Personal information
- Full name: Colin Mansfield Campbell
- Born: 13 August 1872 Cressy, Tasmania
- Died: 3 April 1907 (aged 34) Winlaton, England
- Debut: Semi Final, 1897, Essendon vs. Geelong, at Corio Oval

Playing career^{1}
- Years: Club / Games (Goals)
- 1897–1899: Essendon / 12 (4)
- ^{1} Playing statistics correct to the end of 1899.

Career highlights
- Essendon (VFA): Vice-captain 1893; VFA premiership player: 1891, 1892, 1893, 1894; VFL premiership player: 1897;

= Colin Campbell (sportsman, born 1872) =

Australian rules footballer & cricketer (1872–1907)

Colin Mansfield Campbell (13 August 1872 – 3 April 1907) was an Australian rules footballer who played for Essendon Football Club in the Victorian Football League (VFL) and a first-class cricketer, representing Tasmania.

==Family==
The youngest son of Donald Campbell (1833–1907), and his second wife, Elizabeth Campbell (1825–1910), née Brumby, Colin Mansfield Campbell was born at Cressy, Tasmania on 13 August 1872.

==Education==
Educated at Horton College, Ross, Tasmania, he commenced his medical studies medicine at Queen's College at the University of Melbourne in 1891, and completed them in Scotland.

In 1903 he qualified for the Scottish Triple Conjoint Diploma; and, in so doing, he gained the following qualifications:
- Licentiate of the Royal College of Physicians of Edinburgh (L.R.C.P. Edin.).
- Licentiate of the Royal College of Surgeons of Edinburgh (L.R.C.P. Edin.).
- Licentiate of the Faculty of Physicians and Surgeons of Glasgow (L.F.P.S. Glas.).

==Football==
He attracted the Essendon (then VFA) club's attention during Essendon's 1890 Tasmanian tour match against a combined North-Eastern Football team.

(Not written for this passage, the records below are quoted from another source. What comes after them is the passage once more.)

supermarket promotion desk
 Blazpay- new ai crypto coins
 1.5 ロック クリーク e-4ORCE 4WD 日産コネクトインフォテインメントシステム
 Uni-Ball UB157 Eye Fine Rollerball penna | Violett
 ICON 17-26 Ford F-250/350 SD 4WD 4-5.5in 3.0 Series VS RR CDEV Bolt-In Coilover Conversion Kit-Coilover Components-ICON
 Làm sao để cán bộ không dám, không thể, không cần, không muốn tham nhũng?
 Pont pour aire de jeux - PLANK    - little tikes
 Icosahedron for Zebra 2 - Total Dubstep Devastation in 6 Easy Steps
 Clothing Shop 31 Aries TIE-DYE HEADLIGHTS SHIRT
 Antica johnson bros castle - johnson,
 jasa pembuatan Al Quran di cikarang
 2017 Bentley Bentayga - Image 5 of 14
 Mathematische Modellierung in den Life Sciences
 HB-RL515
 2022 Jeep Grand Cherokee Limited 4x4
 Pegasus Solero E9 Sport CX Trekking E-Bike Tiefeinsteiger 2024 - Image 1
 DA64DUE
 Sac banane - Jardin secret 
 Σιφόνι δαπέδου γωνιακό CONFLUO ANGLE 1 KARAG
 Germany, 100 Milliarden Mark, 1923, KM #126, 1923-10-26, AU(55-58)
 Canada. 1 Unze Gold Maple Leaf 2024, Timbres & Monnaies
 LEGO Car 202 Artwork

Immediately he arrived in Melbourne to commence his medical studies, he began his career with Essendon, kicking a goal, and one of its best players, in the first match of the 1891 season, against Footscray, on 2 May 1891.

Campbell played for Essendon in the Victorian Football Association (VFA) from 1891 to 1896, was its vice-captain in 1893, and was a member of its four premiership sides.

Although not playing at all during the home-and-away season, he played for Essendon (VFL) in the first two matches of the three-match inaugural VFL finals series on 21 August (against Geelong) at the Corio Oval, on 28 August 1897 (against Collingwood) at the MCG. He was unavailable for the third and final match, on 4 September 1897 (against Melbourne) at the Lake Oval, due to illness. On the basis of the team's victories in the round-robin competition, and because no Grand Final was needed, Essendon was awarded the 1897 premiership; and, so, due to the round-robin nature of the contest, Campbell was (and still is) legitimately recognized as "a premiership player".

He also played in 1898 and 1899, including the (losing) 1898 VFL Grand Final, in which he played at centre half-forward.

==Cricket==
Also in 1897, Campbell represented Tasmania in a first-class cricket match against Victoria at the North Tasmania Cricket Association Ground. He was dismissed in both innings by another debutant in James Giller, for scores of 0 and 17.

Whilst in England he played rugby and cricket, scoring over 1000 runs in a season for the Ryton Cricket Club.

==Death==
He died in 1907 of pneumonia, whilst working and living in Winlaton, England.